Auteur pour la radio, critique dramatique, Max Ophüls désire, avec l'arrivée du parlant à la fin des années 20, s'orienter vers le 7ème art. Il décroche un premier emploi comme assistant d'Anatole Litvak pour les dialogues allemands de Nie wieder Liebe (1931). La société allemande UFA, qui produit le film, lui permet ensuite de réaliser son premier court métrage, On préfère l'huile de foie de morue, sur un scénario de Erich Kästner et Emeric Pressburger. Ses premiers longs (Le Studio amoureux, La Fiancee vendue) passent inaperçus. Il obtient en revanche en 1932 un grand succès avec Liebeleï, interprété par Magda Schneider (mère de Romy). Cette adaptation de Schnitzler témoigne de son goût pour la littérature mais aussi, déjà, de son talent à brosser le portrait de femmes amoureuses et blessées.
Lorsqu'il arrive à Paris pour fuir le nazisme en 1933, c'est d'abord à une version française de Liebelei qu'il doit s'atteler. Il accepte ensuite de tourner des films de styles très variés (la comédie fantastique La Tendre Ennemie, le mélo exotique Yoshiwara en 1937) et sur différents territoires (La Dame de tout le monde en Italie, Comedie de l'argent en Hollande). Mais on retient surtout de cette période un autre film inspiré d'un fameux ouvrage du XIXe : Le Roman de Werther (1938), d'après le chef d'oeuvre romantique de Goethe. A la même époque, cet amoureux des actrices dirige Edwige Feuillere dans Sans lendemain puis De Mayerling à Sarajevo (1940), un film au tournage mouvementé en raison des circonstances historiques.
Un temps mobilisé dans l'armée française, il part en 1941 en Suisse où il travaille à une adaptation -qui ne verra pas le jour- de L'Ecole des femmes avec Louis Jouvet. Obligé de se déclarer déserteur s'il souhaite résider dans le pays neutre, il renonce et décide de partir aux Etats-Unis. Après plusieurs mois sans travail, le cinéaste Preston Sturges, admirateur de "Liebelei", l'engage pour réaliser Vendetta... mais l'écarte du plateau au bout de quelques jours. Son premier film américain sera donc en 1946 L' Exilé, film d'aventures avec Douglas Fairbanks Jr. en Charles 2. Il revient à un registre plus proche de ses films européens avec Lettre d'une inconnue d'après Zweig, avec Joan Fontaine et Louis Jourdan. Boudé par le public mais estimé par la critique, il dirige une autre star hollywoodienne, James Mason dans le film noir Caught puis dans Les Désemparés.
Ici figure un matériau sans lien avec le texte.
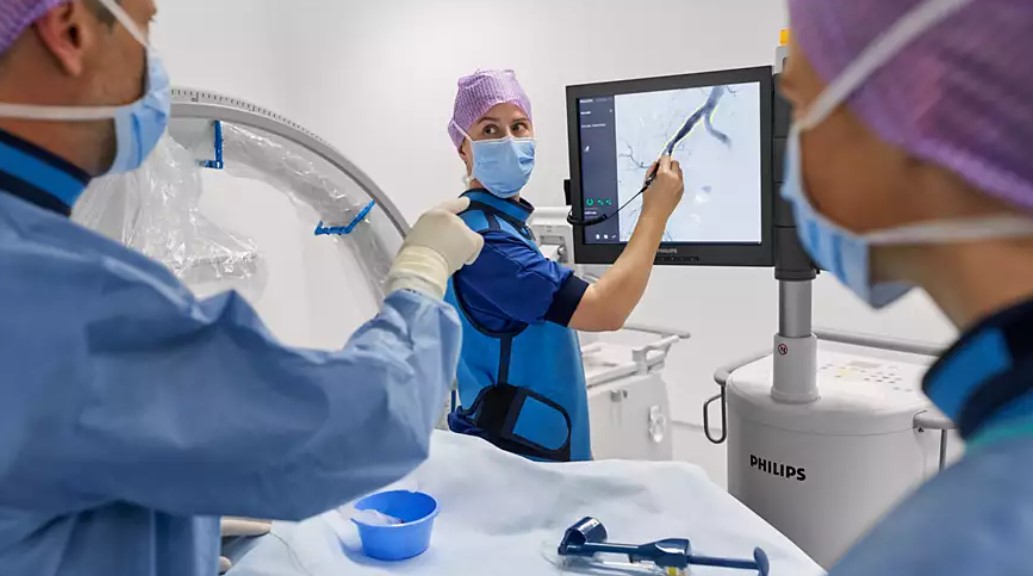 RTG śródoperacyjne (Ramię C) PHILIPS Zenition 70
Après un nouveau projet avorté (une "Duchesse de langeais" avec Garbo), il signe en France un cycle de films considéré comme l'âge d'or de son oeuvre : après La Ronde (1950), qui enchaîne de façon étourdissante plusieurs récits amoureux, vient Le Plaisir (1952), film à sketchs inspiré de nouvelles de Maupassant, dont La Maison Tellier, autour des pensionnaires d'une maison close. Sommet d'élégance ophulsienne, Madame de... (1953) d'après Louise de vilmorin, offre à Danielle Darrieux un de ses plus grands rôles, celui d'une coquette prise à son propre piège. A chaque fois, la virtuosité de la mise en scène et le brio de l'interprétation n'excluent ni la cruauté des sentiments ni la violence des rapports sociaux. Il s'attelle alors à l'ambitieux Lola Montès avec Martine Carol, ou les amours, contées en flashbacks, d'une courtisane devenue objet de la curiosité populaire. Saluée par la Nouvelle vague, cette oeuvre flamboyante, en Scope et en couleurs, se révèle un échec commercial retentissant. Malade, le cinéaste laisse les producteurs remonter le film contre son gré et repart en Allemagne, où il s'éteint peu après avoir mis en scène Le Mariage de Figaro.